This tweet just came my way – and reminded me of a train of thought that unspools powerfully into the recent, as well as the not-so-recent, past:
It’s not good enough that
#atos are following orders but DWP and Government are setting this agenda. It’s not just atos we need to change
And if truth be told, ATOS really isn’t the problem at all. Rather, if anyone should be the focus of our ire, it is its hand-washing taskmasters in the Coalition.
It seems to me that, more and more, supposedly democratically-elected governments are getting the dirty work of less than transparent policy-making carried out on their behalf by private industry. This is, in a sense, a strategy of de facto governance where democracy is absented from the process. It works in the following way: in exchange for negative publicity which, in any case, legions of legal departments can generally vanish into relative thin air, private industries of transnational sizes are awarded humongous public-sector contracts. And as this is a business-to-business relationship – thick-skinned government to hard-sold corporate – public opinion is pretty irrelevant to either party. A perfect way of removing the need for approval from irritatingly well-informed and tech-savvy end-consumers, who were in any case beginning to make the business of corporate capitalism so very complicated and unpredictable.
Instead of selling to end-users who pick and choose, the most foresighted corporations are now choosing to focus their attentions on governments which – for various untransparent reasons – prefer to pick and stick.
The corporates get stability in long-term contracts despite the voter flak. The governments get to blame the corporates if anything too unpleasant comes to light.
A perfect exchange of complementary interests.
More examples?
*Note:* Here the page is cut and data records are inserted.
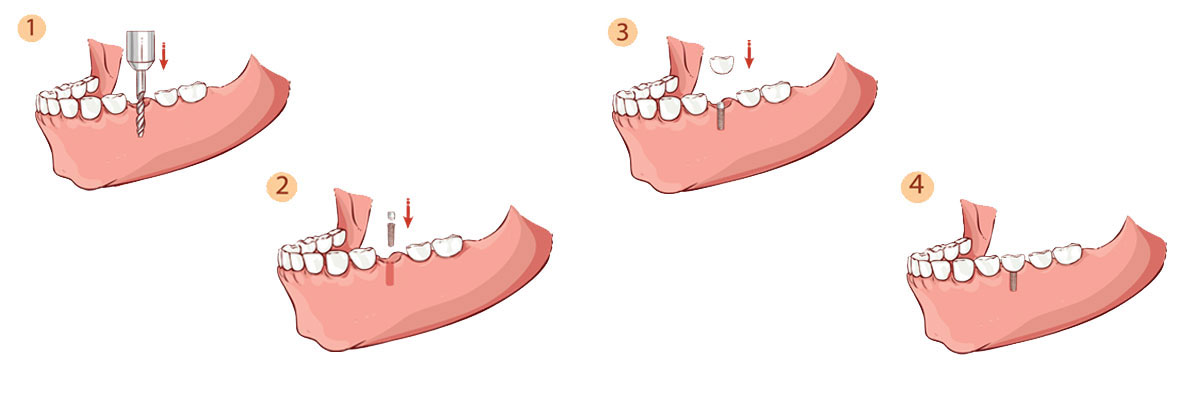 Dawsonville Dental Implant Restoration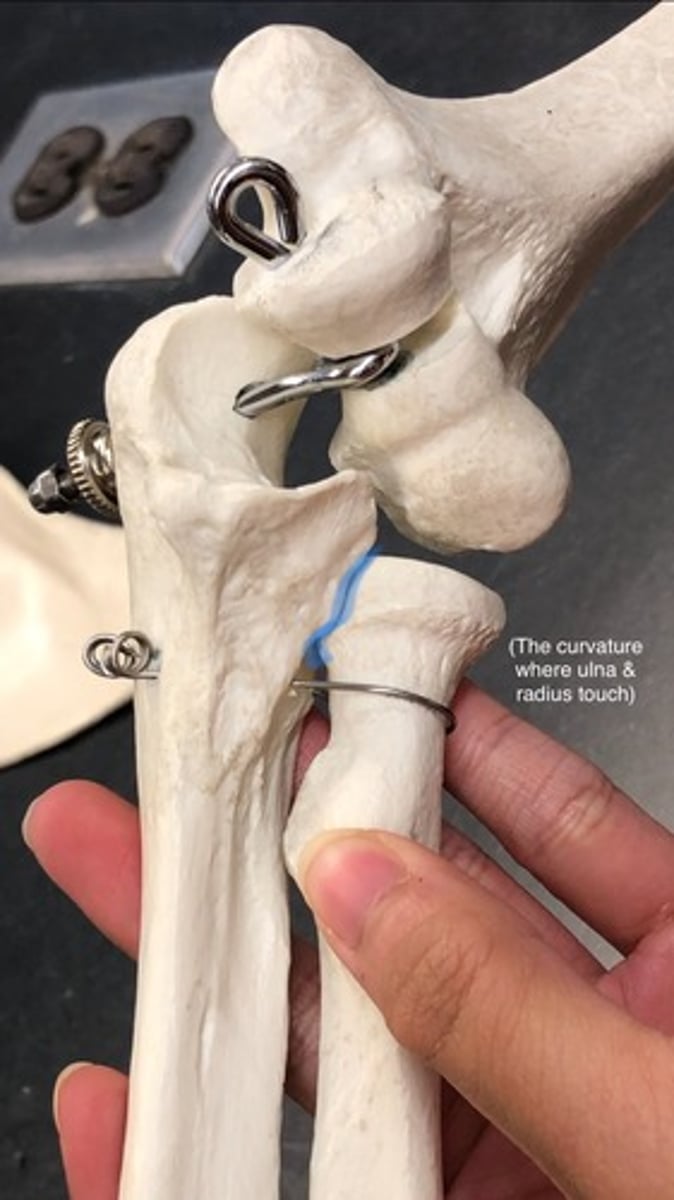 <p>lateral; side of coronoid process where radius fits in</p>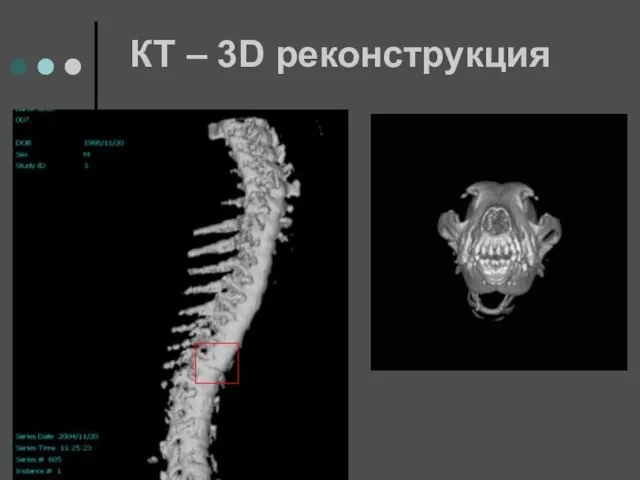 КТ – 3D реконструкция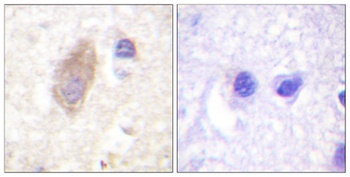 Rabphilin-3A antibody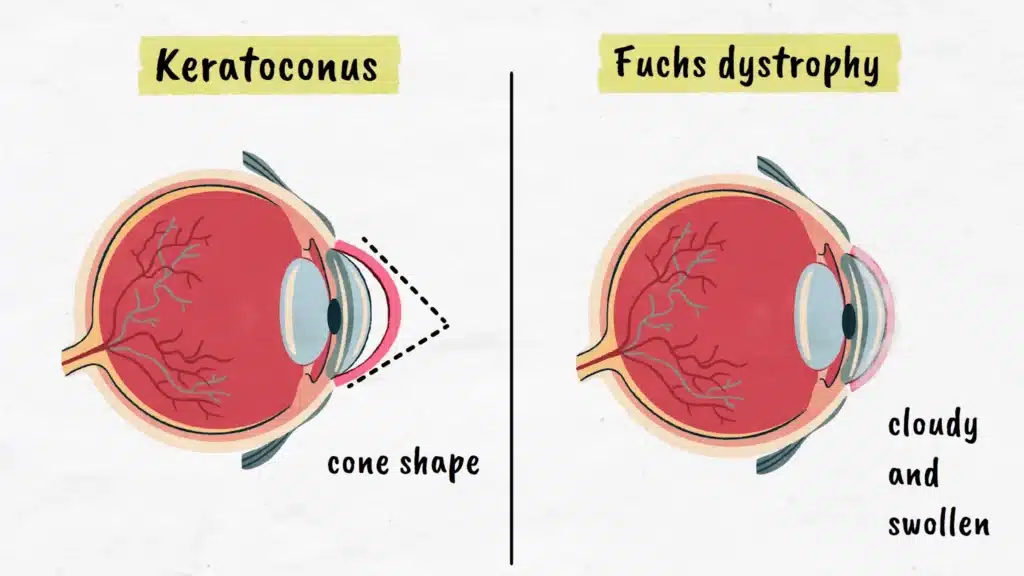 Keratoconus and fuchs dystrophy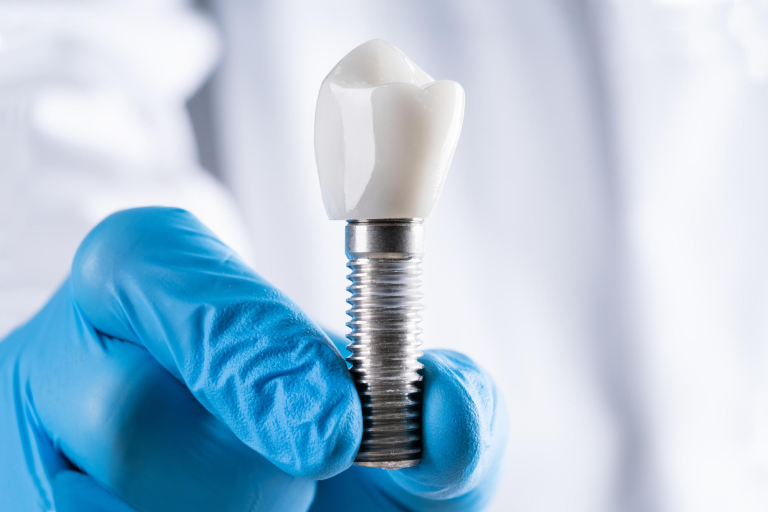 implante dental procedimiento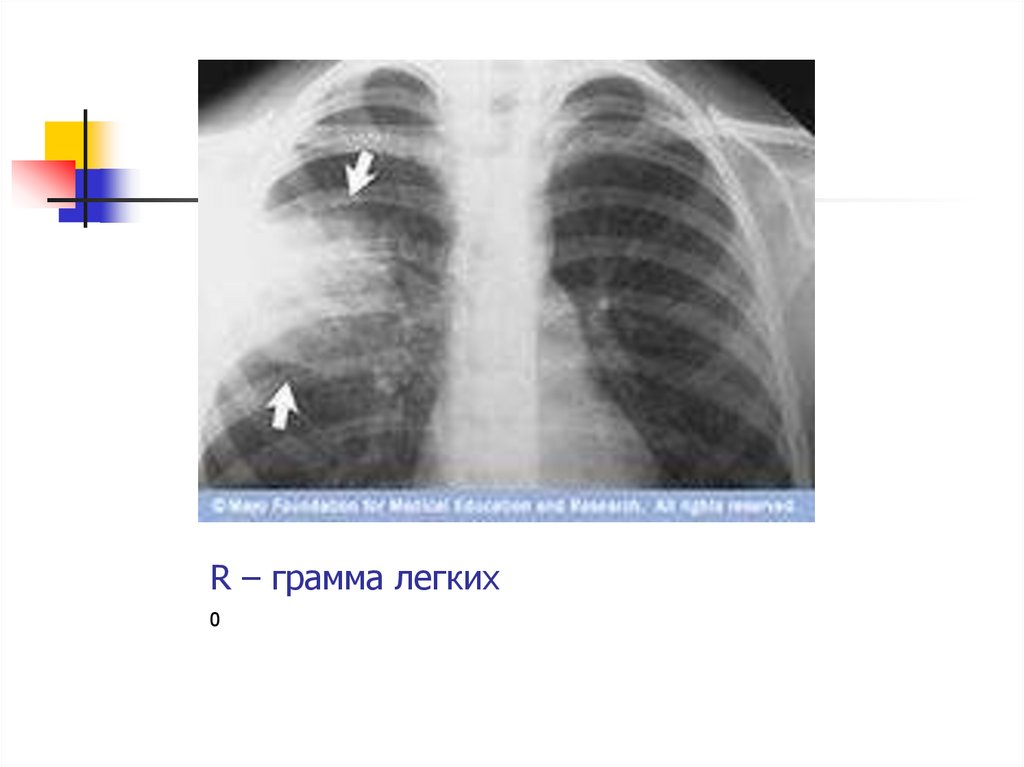 R – грамма легких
We have a recent story on how mobile phone access to the Internet is controlled extra-judicially by the private sector here (from the Open Rights Group of which I am a member) as well as a story from my own archive on how copyright owners can quite literally – and quite easily – make websites invisible to all sensible intents and purposes.
In conclusion, the case of ATOS – and the issues its behaviours and processes apparently raise – are not really attributable to the company itself. It is, rather, the government – deliberately employing it as a shield to hide public services from a proper democratic oversight – which is mostly to blame and which should be brought to book.
And by focussing our attention on crucifying a supplier – a supplier which, admittedly, appears to have substituted the disabled as direct customer of this sorry cohort of political actors we call the Coalition – we may be ignoring the much wider reality: that in disabled services, in welfare and health, in Internet freedoms, in law and order, communications and social media more generally, allegedly democratic governments across the world are working out how to circumvent democratic controls by using private-sector firewalls.
This is a new kind of anti-democratic governance.
A de facto governance.
A governance which our cowardly leaders have cleverly put together outside the democratic process – in order that trusting voters and citizens ignore the real reasons for their despair.